A new Afghan Constitution was finally approved in Kabul on Sunday by delegates at a special constitutional loya jirga, or grand council. United Nations, U.S. and Afghan government officials quickly hailed the agreement as an historic milestone - an inspiring story of Afghans overcoming years of political chaos and war to charter a new government.
There is cause for celebration. That Afghanistan's political dynamics are being settled with words, instead of guns, is a welcome contrast with the country's recent past. The charter's prohibition against sexual discrimination is a victory for Afghan women, so recently oppressed by the Taliban.
Behind these achievements, however, lies a sordid tale about the process itself, involving vote-buying, death threats and naked power politics. A deeper view of the Constitution itself reveals a litany of missed opportunities and poorly crafted compromises. In short, the process was ugly - easily worthy of Bismarck's adage about politics being similar to sausage-making.
The first problem was the matter of representation at the convention. Many Afghans are asking who the delegates were who approved this new Constitution.
Well, let's put it this way: They weren't Afghanistan's finest. In fact, some are alleged war criminals. During the elections for the loya jirga convention, Human Rights Watch documented numerous cases of local military or intelligence commanders intimidating candidates and purchasing votes. In Kabul, guarded by international security forces, intelligence and military officials were openly mingling with candidates at an election site. Many candidates complained of an atmosphere of fear and corruption.
In areas outside of Kabul, many independent candidates were too afraid to even run. In a few cases, factional leaders themselves were elected - despite rules barring government officials from serving as delegates. The majority of the 502 delegates to the loya jirga were members of voting blocs controlled by military faction leaders, or warlords. Some good people were elected, but they were outnumbered - and scared.
The second problem was the convention itself. Despite a strong showing by regional warlords, some of them bent on disrupting the process, the loya jirga that began more than three weeks ago was very much a scripted affair. President Hamid Karzai issued a draft Constitution a few months ago, and as the loya jirga got under way in December many delegates discovered that the meeting seemed to be no more than a ceremony to push though approval for that draft. Many delegates complained that both the warlords and Karzai's allies were sweet-talking, intimidating and even bribing delegates. The situation angered not only the few legitimate representatives, who had come to discuss issues in earnest, but several military factions as well.
In the end, most of the convention was wasted on debates between Karzai's people and the warlord factions, who were demanding various concessions, most of them to benefit their narrow interests.

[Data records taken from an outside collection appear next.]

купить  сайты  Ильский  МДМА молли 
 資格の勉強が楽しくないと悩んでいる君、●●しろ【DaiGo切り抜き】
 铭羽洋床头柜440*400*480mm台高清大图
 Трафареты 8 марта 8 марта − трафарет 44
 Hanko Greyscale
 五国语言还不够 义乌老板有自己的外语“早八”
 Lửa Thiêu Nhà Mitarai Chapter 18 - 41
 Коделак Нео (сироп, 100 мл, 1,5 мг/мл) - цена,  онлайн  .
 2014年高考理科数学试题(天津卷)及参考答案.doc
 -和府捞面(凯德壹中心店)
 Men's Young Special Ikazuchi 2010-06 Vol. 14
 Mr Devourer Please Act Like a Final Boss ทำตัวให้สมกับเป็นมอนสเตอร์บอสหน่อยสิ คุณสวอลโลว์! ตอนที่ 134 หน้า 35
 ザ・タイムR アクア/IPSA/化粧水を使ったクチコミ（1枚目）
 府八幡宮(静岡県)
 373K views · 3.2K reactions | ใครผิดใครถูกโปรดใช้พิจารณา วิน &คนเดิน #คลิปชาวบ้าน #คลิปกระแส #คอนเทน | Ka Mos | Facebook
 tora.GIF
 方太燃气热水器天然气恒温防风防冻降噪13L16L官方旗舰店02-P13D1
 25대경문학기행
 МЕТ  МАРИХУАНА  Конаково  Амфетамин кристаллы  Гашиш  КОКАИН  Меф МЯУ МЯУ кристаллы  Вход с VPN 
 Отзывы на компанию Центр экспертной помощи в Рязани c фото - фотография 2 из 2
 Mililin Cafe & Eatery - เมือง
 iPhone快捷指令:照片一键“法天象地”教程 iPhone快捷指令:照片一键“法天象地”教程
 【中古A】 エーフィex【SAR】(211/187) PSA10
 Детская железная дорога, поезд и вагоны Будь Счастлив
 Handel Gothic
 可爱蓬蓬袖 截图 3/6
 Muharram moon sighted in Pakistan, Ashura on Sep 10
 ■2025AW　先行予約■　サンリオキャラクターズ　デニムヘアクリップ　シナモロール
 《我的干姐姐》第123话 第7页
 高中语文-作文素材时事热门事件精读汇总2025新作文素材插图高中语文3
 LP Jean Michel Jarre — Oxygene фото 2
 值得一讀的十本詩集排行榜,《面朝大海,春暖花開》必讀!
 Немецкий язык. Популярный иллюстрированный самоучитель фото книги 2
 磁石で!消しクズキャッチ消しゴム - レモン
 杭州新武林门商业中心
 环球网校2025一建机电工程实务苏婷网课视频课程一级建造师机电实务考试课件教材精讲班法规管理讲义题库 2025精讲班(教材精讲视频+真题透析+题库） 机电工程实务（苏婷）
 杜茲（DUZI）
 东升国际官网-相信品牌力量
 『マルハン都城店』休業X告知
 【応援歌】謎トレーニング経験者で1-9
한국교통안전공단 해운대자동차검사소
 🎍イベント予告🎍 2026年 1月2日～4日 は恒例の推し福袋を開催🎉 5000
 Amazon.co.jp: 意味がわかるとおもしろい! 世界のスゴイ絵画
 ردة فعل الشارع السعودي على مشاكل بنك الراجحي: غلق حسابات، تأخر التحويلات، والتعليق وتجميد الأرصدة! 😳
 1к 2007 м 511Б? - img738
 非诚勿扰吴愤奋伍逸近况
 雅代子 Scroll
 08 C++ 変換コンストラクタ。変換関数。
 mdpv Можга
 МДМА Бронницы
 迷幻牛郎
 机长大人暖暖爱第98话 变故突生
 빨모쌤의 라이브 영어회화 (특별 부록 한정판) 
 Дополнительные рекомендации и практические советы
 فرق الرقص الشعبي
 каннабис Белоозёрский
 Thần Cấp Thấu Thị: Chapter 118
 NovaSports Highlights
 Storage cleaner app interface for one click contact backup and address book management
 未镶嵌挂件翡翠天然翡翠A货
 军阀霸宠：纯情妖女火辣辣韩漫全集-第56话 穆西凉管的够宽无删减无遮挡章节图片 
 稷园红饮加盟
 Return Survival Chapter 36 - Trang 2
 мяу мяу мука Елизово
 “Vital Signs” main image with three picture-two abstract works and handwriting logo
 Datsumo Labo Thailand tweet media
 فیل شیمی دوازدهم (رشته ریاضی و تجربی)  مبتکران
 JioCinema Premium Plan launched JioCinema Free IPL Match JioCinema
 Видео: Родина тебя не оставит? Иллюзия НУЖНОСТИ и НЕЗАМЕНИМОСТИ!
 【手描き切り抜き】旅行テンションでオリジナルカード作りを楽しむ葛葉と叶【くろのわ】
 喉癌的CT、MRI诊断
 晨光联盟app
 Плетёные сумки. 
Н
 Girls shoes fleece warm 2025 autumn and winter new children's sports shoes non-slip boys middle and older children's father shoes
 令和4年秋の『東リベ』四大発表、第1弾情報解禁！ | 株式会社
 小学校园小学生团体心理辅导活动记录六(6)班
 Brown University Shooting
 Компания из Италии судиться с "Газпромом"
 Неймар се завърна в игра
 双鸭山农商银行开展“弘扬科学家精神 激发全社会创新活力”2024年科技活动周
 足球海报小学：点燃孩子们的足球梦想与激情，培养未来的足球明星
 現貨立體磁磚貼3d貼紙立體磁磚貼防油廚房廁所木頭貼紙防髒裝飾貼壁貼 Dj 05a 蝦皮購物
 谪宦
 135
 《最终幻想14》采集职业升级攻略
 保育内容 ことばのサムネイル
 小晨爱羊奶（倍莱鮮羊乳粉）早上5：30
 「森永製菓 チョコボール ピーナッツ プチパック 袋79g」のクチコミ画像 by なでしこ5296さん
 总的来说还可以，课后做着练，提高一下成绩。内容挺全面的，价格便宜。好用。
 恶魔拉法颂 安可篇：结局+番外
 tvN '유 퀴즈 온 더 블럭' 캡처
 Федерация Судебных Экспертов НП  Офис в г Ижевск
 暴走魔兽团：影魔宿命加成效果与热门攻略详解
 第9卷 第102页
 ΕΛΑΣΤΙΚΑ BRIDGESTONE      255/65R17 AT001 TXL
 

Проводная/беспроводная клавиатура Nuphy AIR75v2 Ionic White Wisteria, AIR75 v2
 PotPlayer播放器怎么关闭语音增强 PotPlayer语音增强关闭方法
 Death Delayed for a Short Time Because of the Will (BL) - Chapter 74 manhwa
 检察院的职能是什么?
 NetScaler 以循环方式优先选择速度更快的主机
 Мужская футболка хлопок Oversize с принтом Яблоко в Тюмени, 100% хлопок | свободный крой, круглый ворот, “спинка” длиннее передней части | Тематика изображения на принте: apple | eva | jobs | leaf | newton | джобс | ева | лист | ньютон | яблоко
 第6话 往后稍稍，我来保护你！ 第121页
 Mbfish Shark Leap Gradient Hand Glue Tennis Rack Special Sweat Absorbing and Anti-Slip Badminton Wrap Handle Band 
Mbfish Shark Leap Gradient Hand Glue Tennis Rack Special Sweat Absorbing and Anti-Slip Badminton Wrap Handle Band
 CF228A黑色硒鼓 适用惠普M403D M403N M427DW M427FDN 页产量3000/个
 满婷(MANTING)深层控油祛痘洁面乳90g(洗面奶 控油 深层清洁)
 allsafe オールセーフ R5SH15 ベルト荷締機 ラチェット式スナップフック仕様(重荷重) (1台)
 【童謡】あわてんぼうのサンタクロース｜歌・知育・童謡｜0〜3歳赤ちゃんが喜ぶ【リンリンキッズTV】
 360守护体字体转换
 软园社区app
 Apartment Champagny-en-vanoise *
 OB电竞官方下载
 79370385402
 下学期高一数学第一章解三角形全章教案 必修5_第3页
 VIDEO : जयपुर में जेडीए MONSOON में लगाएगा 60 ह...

Many important provisions were not effectively debated.
The third and final problem was the Constitution itself. The charter accepted on Sunday contains the fundamentals for a future governmental system, but is a disappointingly tepid document. Despite Afghanistan's recent history of mass atrocities, the charter does not directly address issues of Afghanistan's past. There are several provisions enunciating basic political, civil, economic and social rights, but little strong language creating institutions to uphold them.
The Afghan Independent Human Rights Commission, created by the December 2001 agreement, is given a mandate, but lacks many of the powers necessary for it to credibly protect basic rights. The role of Islamic law, and its relationship to human rights protections, is not adequately addressed - a worrying situation given that certain factions in Kabul will try to use their power in coming years to implement conservative interpretations of Islam that may violate human rights standards.
It didn't have to be this way. For much of the last two years, the United States and its coalition allies have allowed Afghanistan's countryside to be dominated by the warlords, originally armed and financed by the United States to fight the Taliban. U.S. officials have attempted to blunt this situation's worst effects by throwing their support behind President Karzai and a small team of competent and Western-educated officials in Kabul, known in Afghanistan as "the technocrats."
A better solution would be for the United States and its international partners in Afghanistan to try harder to create real political pluralism and strengthen legitimate representation throughout the country. Such efforts are especially important given that elections are taking place this year. As things currently stand, most independent political organizers are too afraid to organize; the general atmosphere of fear prevents even journalists in most areas from writing openly about Afghanistan's problems.
If the United States really cares about creating democracy in Afghanistan, it should work harder to expand international security forces - not just a few small military teams as has been implemented - and ask the United Nations to expand its human rights monitoring and protection officers, who are usually the best situated to provide protection for vulnerable persons and groups.
It's too early to be sanguine: Afghanistan is not out of the woods yet.
John Sifton is Afghanistan researcher for Human Rights Watch.